*Activity:*
Check each line of the material for the string "Photo", then give only how many lines have it.

*Given entries:*

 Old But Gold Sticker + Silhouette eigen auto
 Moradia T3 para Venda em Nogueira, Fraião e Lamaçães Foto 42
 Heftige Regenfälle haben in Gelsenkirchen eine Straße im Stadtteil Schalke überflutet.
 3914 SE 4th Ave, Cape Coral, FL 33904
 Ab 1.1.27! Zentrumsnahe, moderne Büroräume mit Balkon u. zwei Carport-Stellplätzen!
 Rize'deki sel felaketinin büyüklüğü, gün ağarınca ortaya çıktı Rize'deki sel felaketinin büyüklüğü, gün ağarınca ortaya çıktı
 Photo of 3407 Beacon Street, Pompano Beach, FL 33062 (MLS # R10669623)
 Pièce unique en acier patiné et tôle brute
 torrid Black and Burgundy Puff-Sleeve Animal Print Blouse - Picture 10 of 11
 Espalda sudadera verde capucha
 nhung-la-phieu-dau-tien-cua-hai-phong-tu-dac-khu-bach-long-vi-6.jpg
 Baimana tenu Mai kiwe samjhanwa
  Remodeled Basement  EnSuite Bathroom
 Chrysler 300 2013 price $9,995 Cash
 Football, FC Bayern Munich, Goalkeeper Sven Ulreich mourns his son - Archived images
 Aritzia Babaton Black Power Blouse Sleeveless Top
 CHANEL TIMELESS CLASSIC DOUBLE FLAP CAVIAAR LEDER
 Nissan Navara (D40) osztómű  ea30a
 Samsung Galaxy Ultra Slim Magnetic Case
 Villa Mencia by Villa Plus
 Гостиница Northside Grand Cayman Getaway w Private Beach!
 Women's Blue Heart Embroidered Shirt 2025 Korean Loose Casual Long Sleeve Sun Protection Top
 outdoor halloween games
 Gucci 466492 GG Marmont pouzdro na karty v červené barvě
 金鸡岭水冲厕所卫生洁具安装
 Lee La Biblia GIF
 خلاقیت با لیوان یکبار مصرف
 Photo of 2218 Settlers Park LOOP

*Task output:*
2